Fitbits and Apple Watches may be the “it” device for the fashionable early-adopter, however, a new report has found post-purchase many of the devices simply end up in the bottom of a drawer somewhere.
The report, by tech research firm Gartner, surveyed 9,592 respondents from Australia, the US, and the UK. It found the abandonment rate of smartwatches was 29 percent, and 30 percent for fitness trackers.
The main reason users dumped the devices was they broke, they got bored of them, or they simply had no use for them in their lives.
According to the survey, smartwatch adoption is still in the early adopter stage (10 per cent), while fitness trackers have reached early mainstream (19 per cent). Meanwhile, only eight per cent of consumers have used VR glasses (excluding the nasty cardboard types).
The survey found that we typically buy a wearable as a treat for ourselves, although 34 per cent of fitness trackers and 26 per cent of smartwatches were given as gifts.
Another interesting stat was that respondents found wearables too expensive given the perceived usefulness. It also said that lesser known brands would struggle in the market against big tech names such as Apple or Google. Too, users said they found the devices a bit ugly and makers were urged to partner with with companies that design, brand, market and distribute watches and fashion accessories.
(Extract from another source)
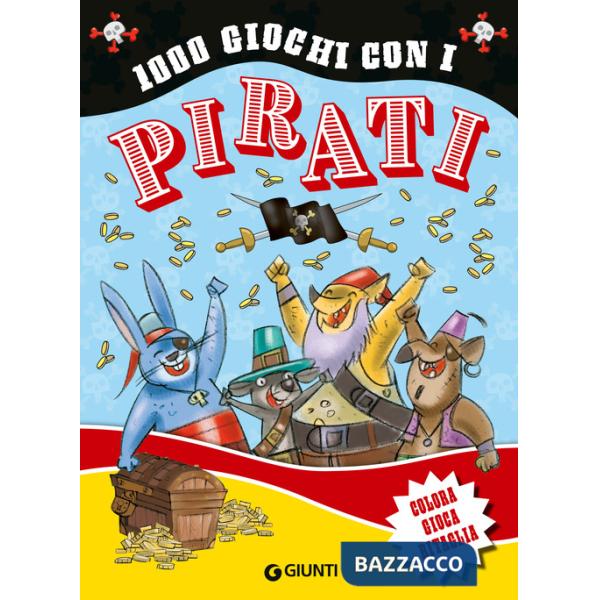1000 giochi con i pirati. Colora gioca ritaglia. Ediz. a colori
“Dropout from device usage is a serious problem for the industry,” said Angela McIntyre, research director at Gartner. “The abandonment rate is quite high relative to the usage rate. To offer a compelling enough value proposition, the uses for wearable devices need to be distinct from what smartphones typically provide. Wearables makers need to engage users with incentives and gamification.
“Continued growth in the adoption of smartwatches and fitness trackers will now be from mainstream consumers instead of early technology adopters. The greatest hurdle for fitness tracker and smartwatch providers to overcome is the consumer perception that the devices do not offer a compelling enough value proposition,” she said.